GOAL OF THE EXERCISE ::
Exact copy, no pictures: output each line below as it stands.

SUPPLIED DATA ::
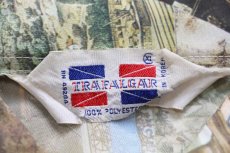 画像4: 70s TRAFALGAR 機関車 総柄プリント ポリエステルシャツ XL (4)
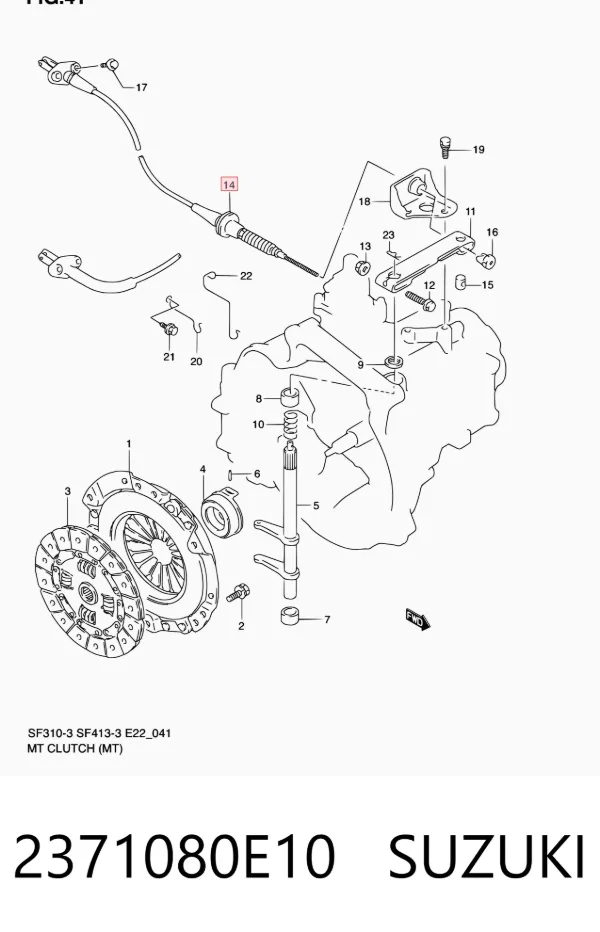 Linka sprzęgła 2371080E10 Suzuki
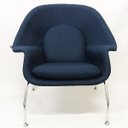 Ver imagem 3 de CÓPIA - Poltrona Womb Chair com puff linho azul marinho - Poltronas do Sul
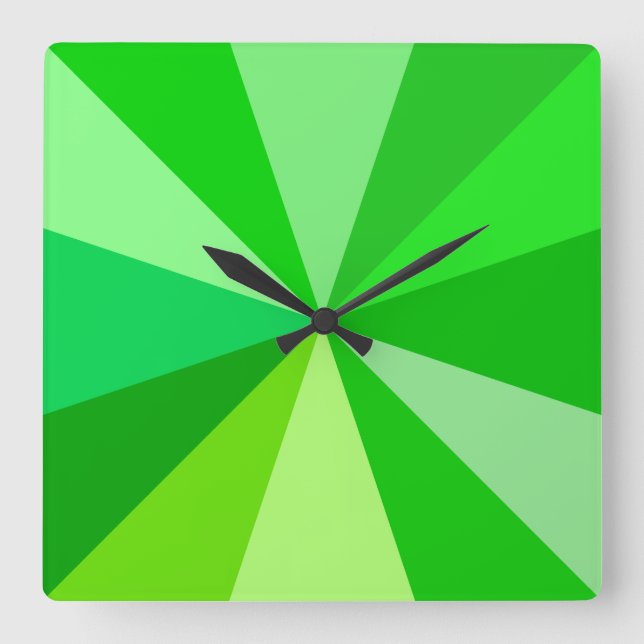 Pop Art Modern 60s Funky Geometric Rays in Green Square Wall Clock (Front)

RESPONSE BELOW ::
 画像4: 70s TRAFALGAR 機関車 総柄プリント ポリエステルシャツ XL (4)
 Linka sprzęgła 2371080E10 Suzuki
 Ver imagem 3 de CÓPIA - Poltrona Womb Chair com puff linho azul marinho - Poltronas do Sul
 Pop Art Modern 60s Funky Geometric Rays in Green Square Wall Clock (Front)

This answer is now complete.